The raw HDI images have an overscan region consisting of 48 columns along the outer edge of each quadrant of the image (all images were read through 4 amplifiers). We computed a mean value and standard deviation based on all the pixels in this overscan region.

The graph below shows the mean value in each of the 4 overscan regions for each exposure. The symbols correspond to

There was little change in the mean values over the course of the roughly half hour during which we acquired data.

We also computed the standard deviation from the mean within each overscan region. As the next section shows , this value is not really measuring the random scatter around a fixed mean value. Nonetheless, we show the results here for completeness.

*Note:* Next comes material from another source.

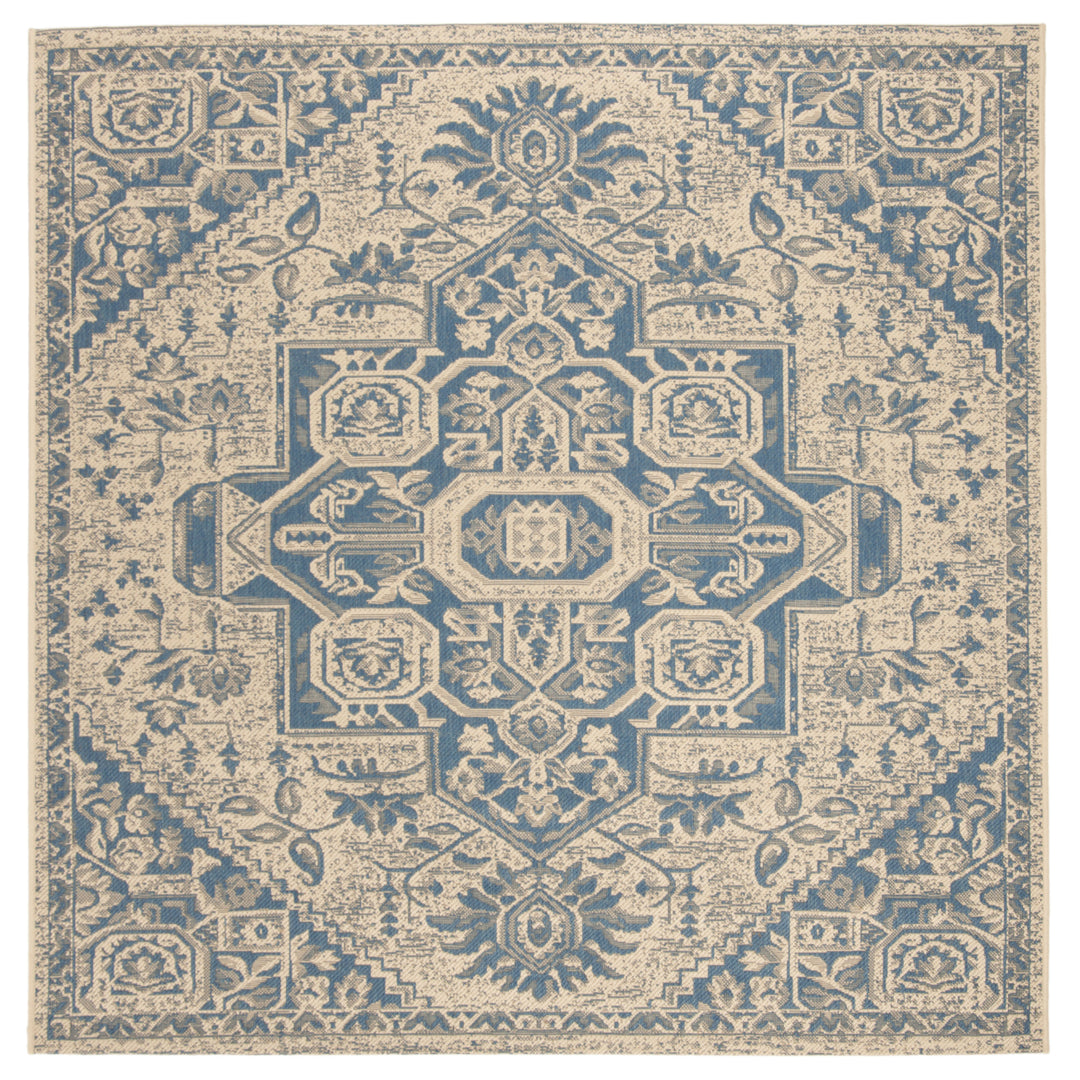 SAFAVIEH Outdoor LND138M Linden Collection Blue / Creme Rug Image 7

Overscan values as a function of row position

We examined the overscan regions in a second manner. The overscan pixels define a region 48 columns wide by 2056 rows tall, making a long, skinny strip running north-south. We computed the average value of the pixels in each row of the overscan region, then looked for variations as a function of row. We found a very consistent pattern: the values decline steeply at first, then gradually, with a total change of about 15 counts from top to bottom.

Below is a graph showing this average value (on the y-axis) as a function of row number (on the x-axis) for image 49 (in-focus image of M35), quadrant 1 = North-East amplifier:

The other amplifiers produced a very similar pattern for this image; and, in general, all 4 amplifiers produced a similar pattern in all the cases we examined.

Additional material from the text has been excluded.